A faithful transcript of every entry is required; pictures do not belong in it.

──────── Listed entries

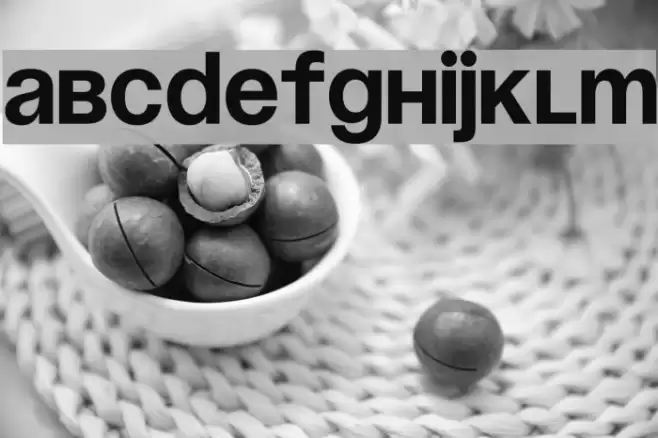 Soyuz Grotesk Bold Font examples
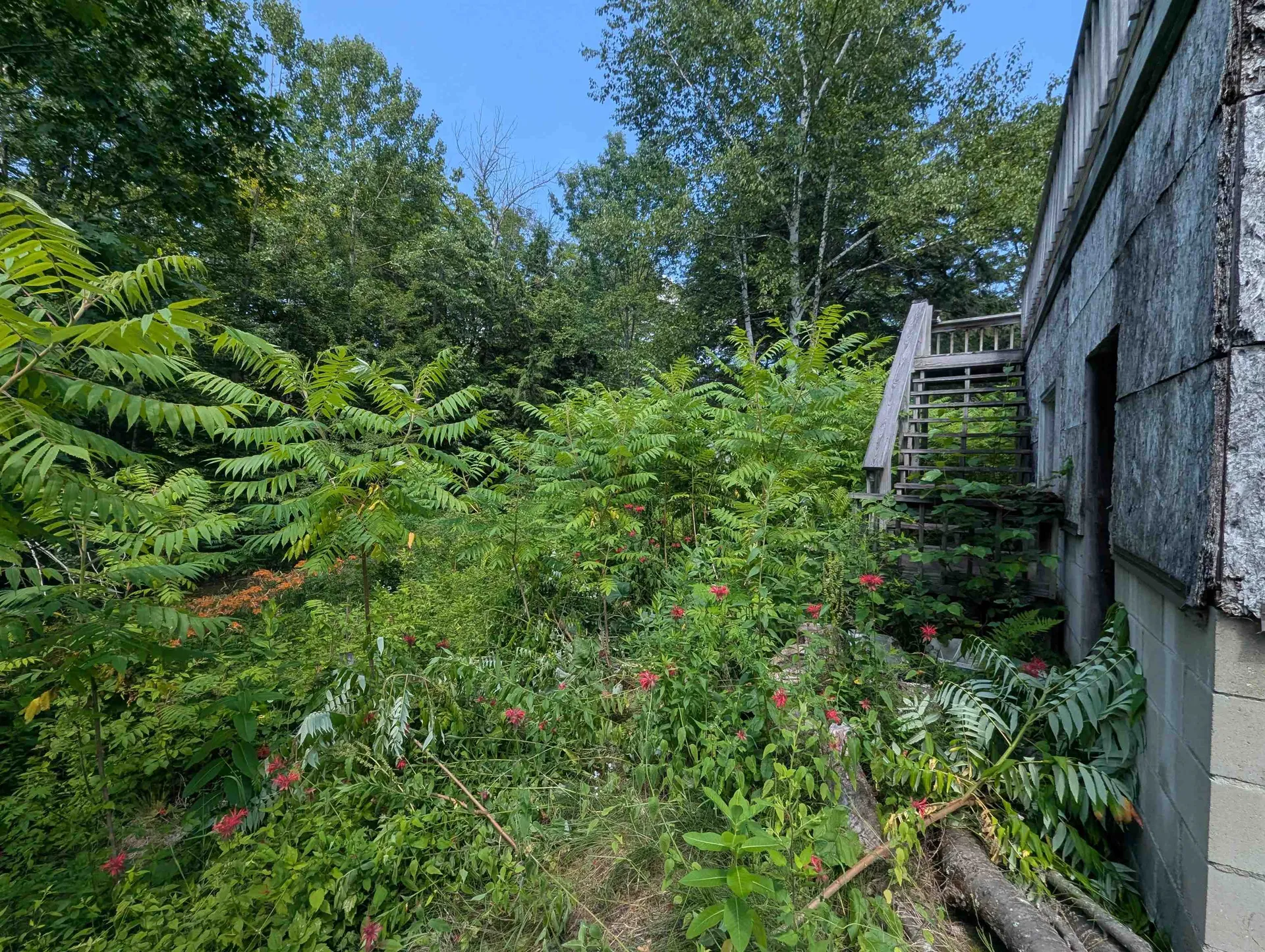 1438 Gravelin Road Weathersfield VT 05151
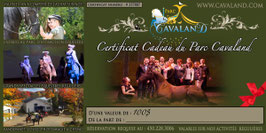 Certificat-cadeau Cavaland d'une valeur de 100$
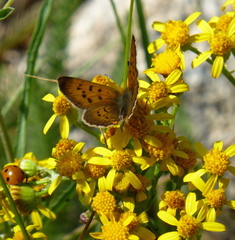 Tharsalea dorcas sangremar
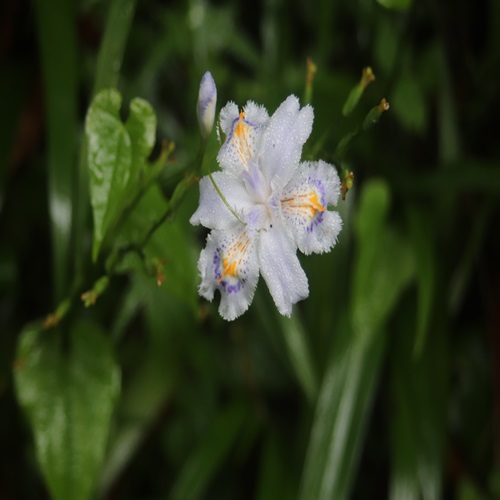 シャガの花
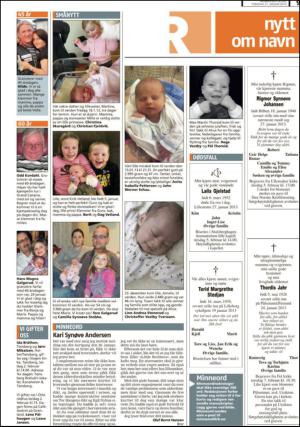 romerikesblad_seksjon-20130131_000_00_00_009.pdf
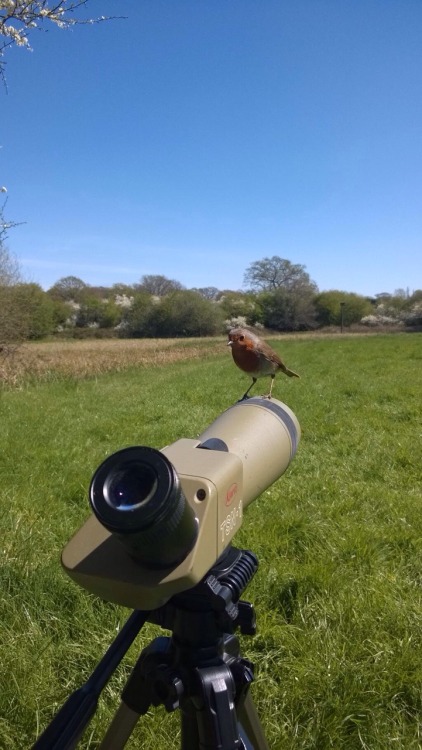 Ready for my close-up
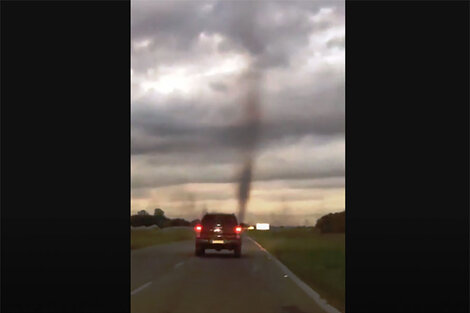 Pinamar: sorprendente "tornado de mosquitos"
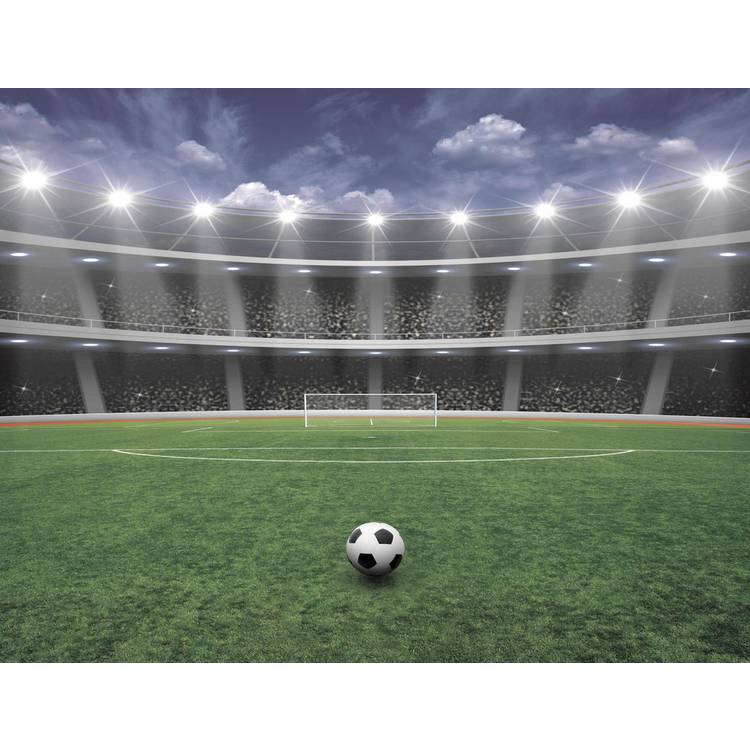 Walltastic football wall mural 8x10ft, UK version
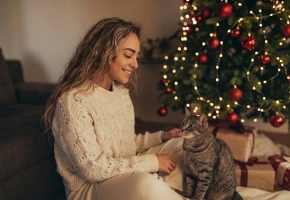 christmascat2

────────────────

▶ [The answer]
 Soyuz Grotesk Bold Font examples
 1438 Gravelin Road Weathersfield VT 05151
 Certificat-cadeau Cavaland d'une valeur de 100$
 Tharsalea dorcas sangremar
 シャガの花
 romerikesblad_seksjon-20130131_000_00_00_009.pdf
 Ready for my close-up
 Pinamar: sorprendente "tornado de mosquitos"
 Walltastic football wall mural 8x10ft, UK version
 christmascat2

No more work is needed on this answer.